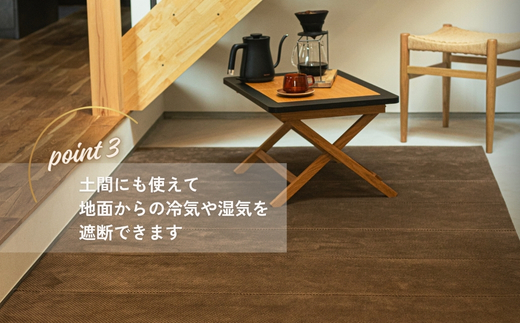 FIELD JACK アウトドアラグマット Lサイズ (FJK007) ゴールド 約140×200cm｜断熱性×快適性の10mm厚！キャンプ・テント・ピクニック・防災・おうちキャンプ・室内ラグにも最適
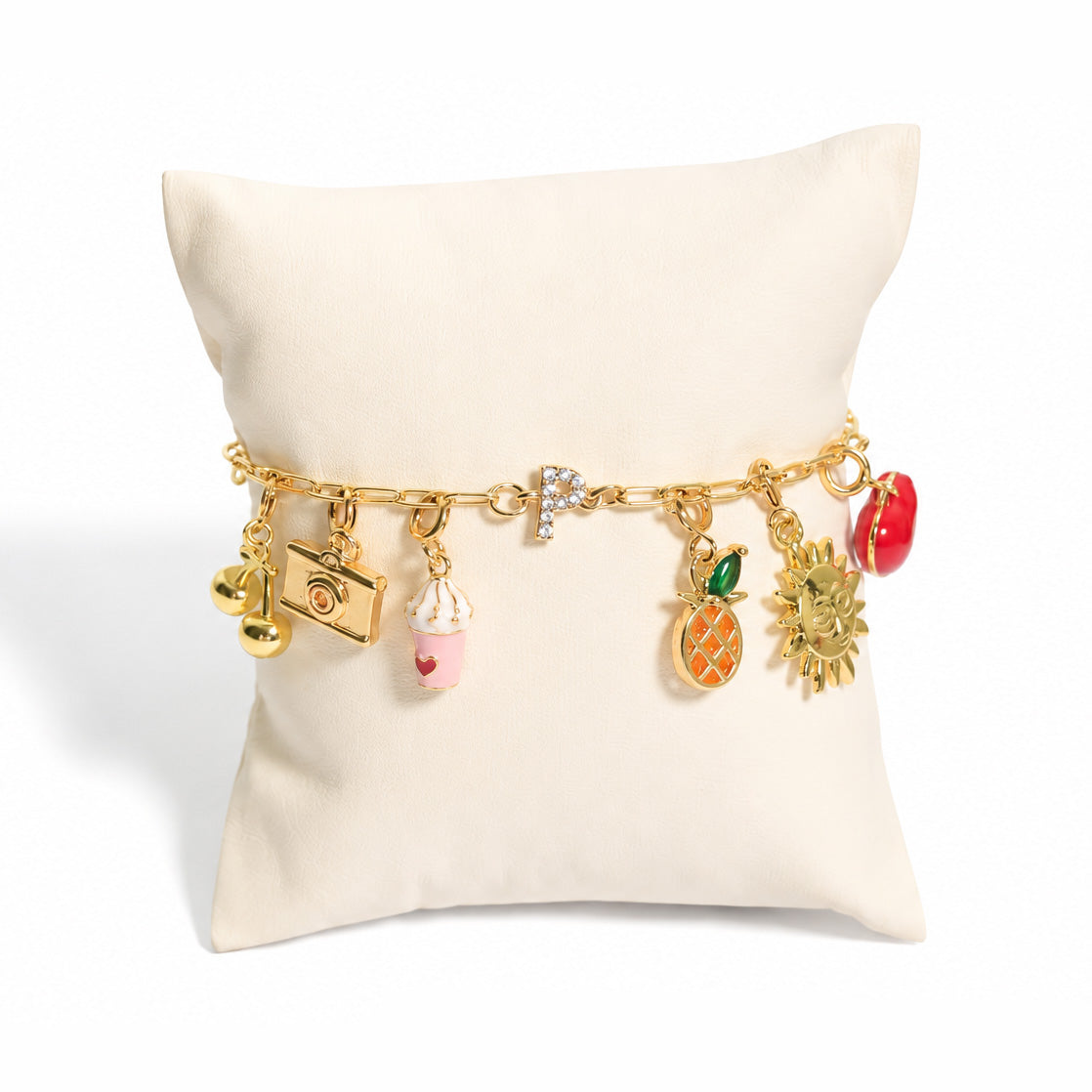 DIY link initial bracelet with charms | Anti-Tarnish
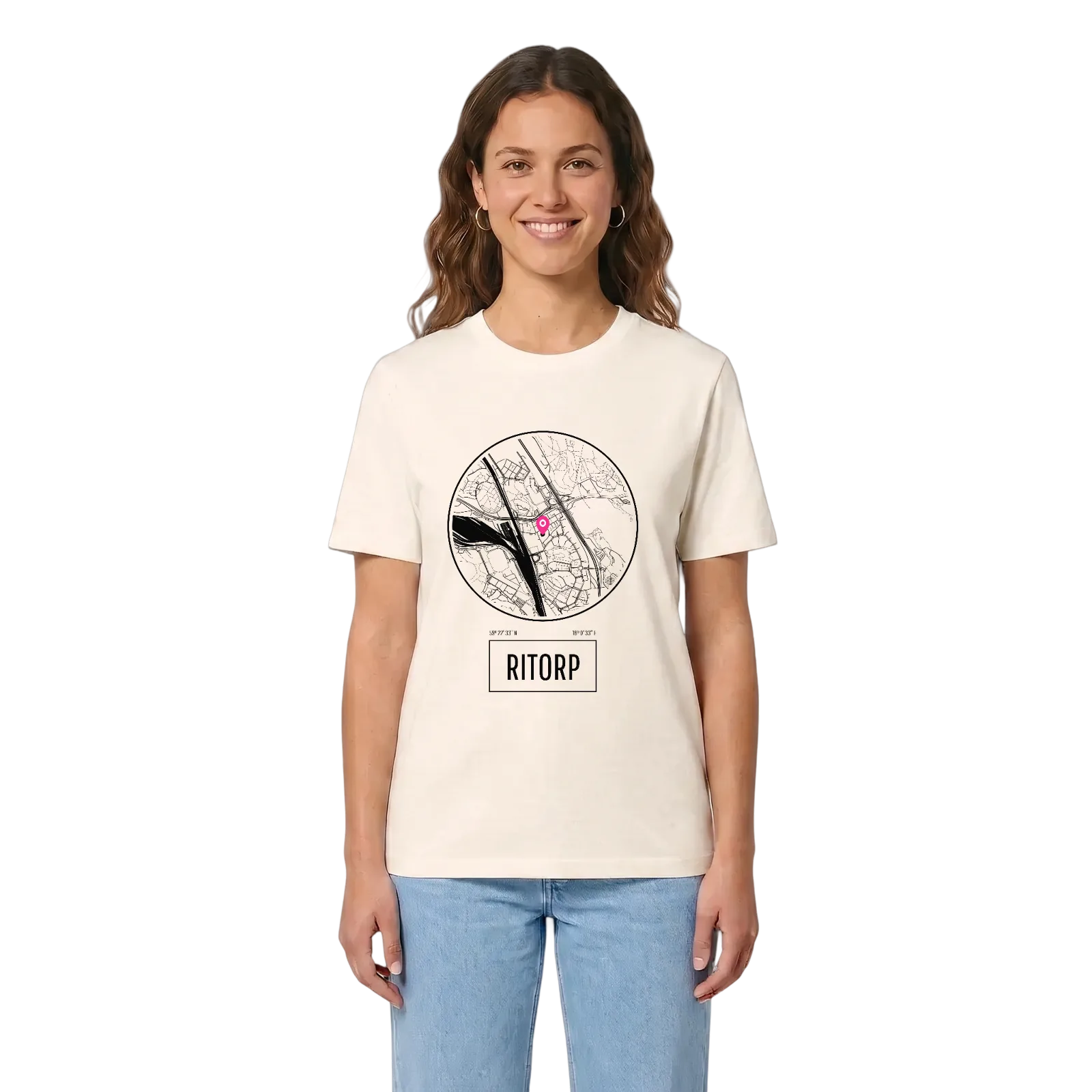 Ritorp t-shirt – Vintage White, i miljö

▸ **Task instructions**: Output the listing above in full and exactly, with pictures excluded.

▸ **Output for this exercise**:
 FIELD JACK アウトドアラグマット Lサイズ (FJK007) ゴールド 約140×200cm｜断熱性×快適性の10mm厚！キャンプ・テント・ピクニック・防災・おうちキャンプ・室内ラグにも最適
 DIY link initial bracelet with charms | Anti-Tarnish
 Ritorp t-shirt – Vintage White, i miljö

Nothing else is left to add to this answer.